# No power, sound, or light from subwoofer



## Axleboy57

I recently moved into an apartment from college where I had a home theater setup using JBL SCS145.5 speakers with a powered subwoofer included and a hand-me-down receiver. However, the system ran perfectly and never had any problems. Upon leaving, I threw the receiver away, knowing I would get a new one for Christmas, which I did, a Pioneer VSX-523-k. When setting it up, I noticed the indicator light never turned on my subwoofer. Hooked it up anyway, ran the auto-config with all of my speakers connected and they play fine, but the receiver doesn't even recognize the subwoofer is connected. Because it is out of warranty, I popped open the sub to check the fuse, and it was crystal clear and no broken wire. Replaced it anyway....still nothing. Was wondering if you could give me some ideas of things I could try or if I just have to suck it up and take it to a local audio repair shop.

Thanks in advance for the help!


----------



## dougc

Couple things to check: make sure the sub channel is set to on, try a different RCA cable from the sub out to the input of the subwoofer


----------



## tonyvdb

If the sub has a switch labeled "on" or "auto" put it in on for the time being.


----------



## BamaDave

As crazy as this sounds, have you verified that you have power at that location? Secondly, consider calling the manufacturer about making repairs once you determined that your AVR is providing a signal as you might be surprised at how low the repair cost might be opposed to taking it to a local shop that won't be an expert on that specific piece of equipment.


----------



## RBTO

Great advice so far.

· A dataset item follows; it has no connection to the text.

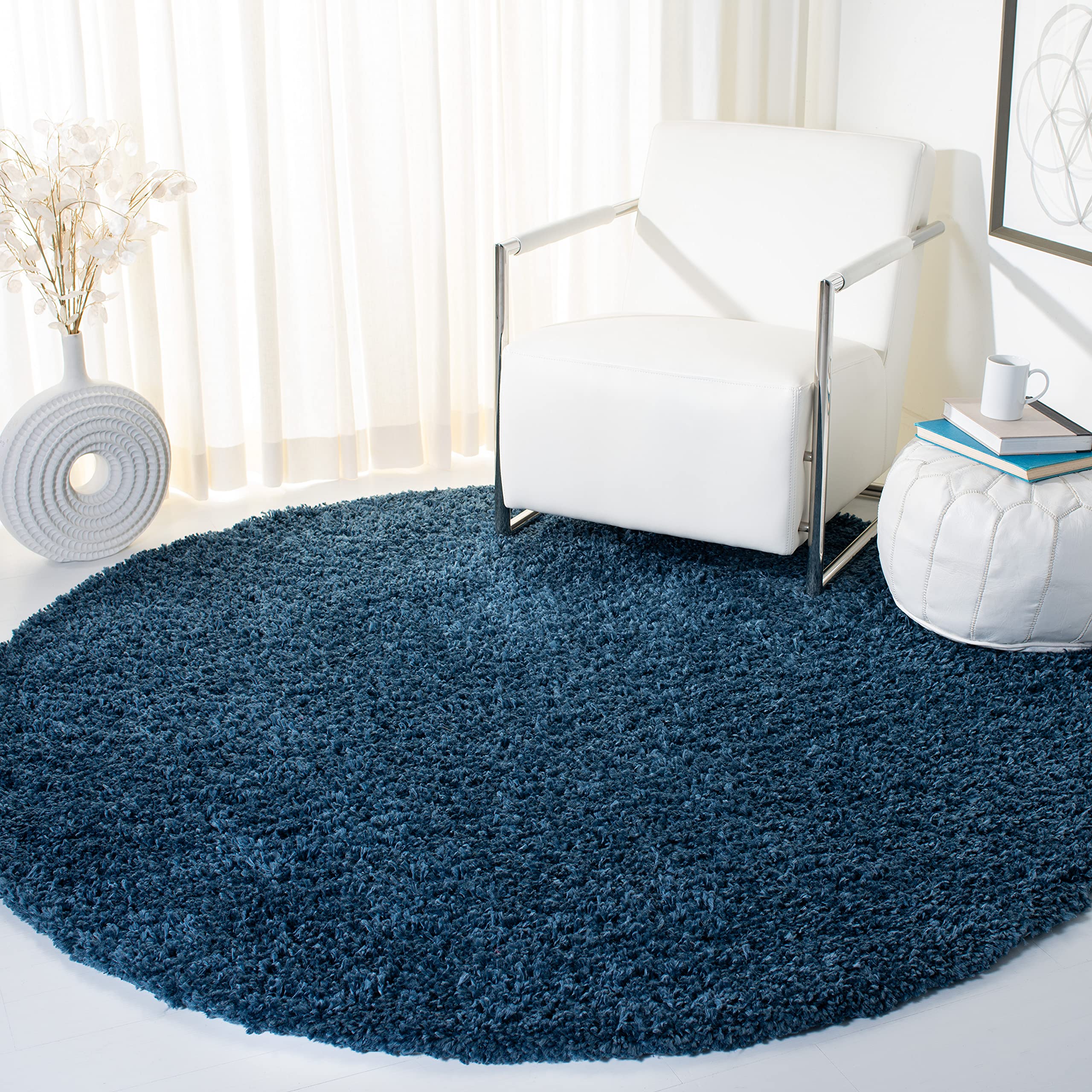 SAFAVIEH August Shag Collection 4' Round Navy AUG200M Solid Non-Shedding Living Room Bedroom Dining Room Entryway Plush 1.5-inch Thick Area Rug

Does your sub have a volume control on it? If so, turn it full clockwise (max), and then plug a good male RCA-to-male RCA cable into the sub input. Hold the cable by its insulation on the far end with one hand, and touch the center pin of the RCA connector with a finger of your other hand (using the ON position of the power switch - not AUTO). If the sub is functional, you should hear something - a click or more likely, 60Hz hum. If not, then you can assume the sub is dead. As suggested by BamaDave, give the manufacture a call first.


----------



## Axleboy57

Thanks for all of the input, I checked all of the connections and replaced the RCA male to RCA male cord with a brand new cord from Best Buy. Switched the power switch from 'Auto' to 'On', and then tried the touching of the finger trick to the cord....nothing. From reading your posts, I assume this means the sub is dead.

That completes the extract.